My whole world collapsed in on itself. Our golden, sun-drenched future had been obliterated in an instant. Gone.
He’d been driving alone. Something about speeding. No drugs or alcohol. Just anger, a sharp bend in the road, and a concrete wall that didn’t move.
I didn’t understand. Not really. Not until Lily called me the night before the funeral.
We hadn’t spoken properly in weeks. Everything had been swallowed up by grief and logistics, too many people hovering and passing along vague, sanitised versions of events.
Everyone seemed determined to protect me from something, though I couldn’t work out what, and in doing so they left me stranded in a fog of half-knowledge and unanswered questions.
But that night, her voice cracked down the line. ‘I need to tell you what happened, Florrie. Before tomorrow. Before you’re standing next to her.’
Lily’s meaning was clear. Her meant her mother, Juliet Stonehill.

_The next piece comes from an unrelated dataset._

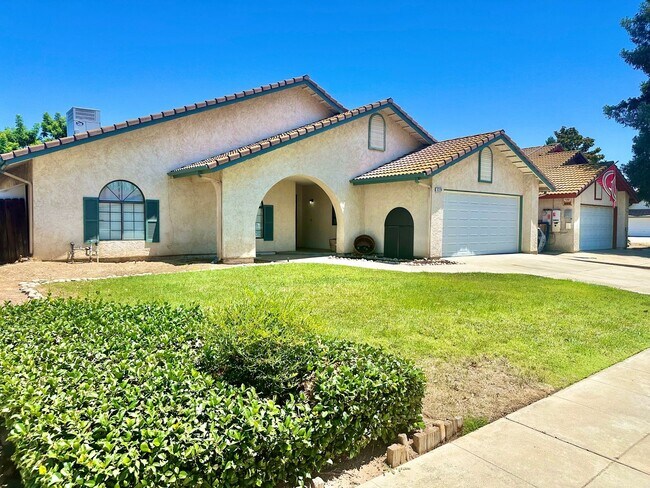 3226 N Sonora Ave in Fresno, CA - Building Photo - Building Photo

‘Go on,’ I said, heart thudding.
‘We were at the villa,’ Lily said, her voice shaking. ‘Dinner had finished. I’d gone to bed but I could still hear them downstairs. Your name came up. Jamie told her he was going to marry you.’
My throat tightened.
‘And she lost it,’ Lily continued. ‘Properly lost it. Said you were a phase, that he was ruining his future. That it was all too soon. And he would be cut off.’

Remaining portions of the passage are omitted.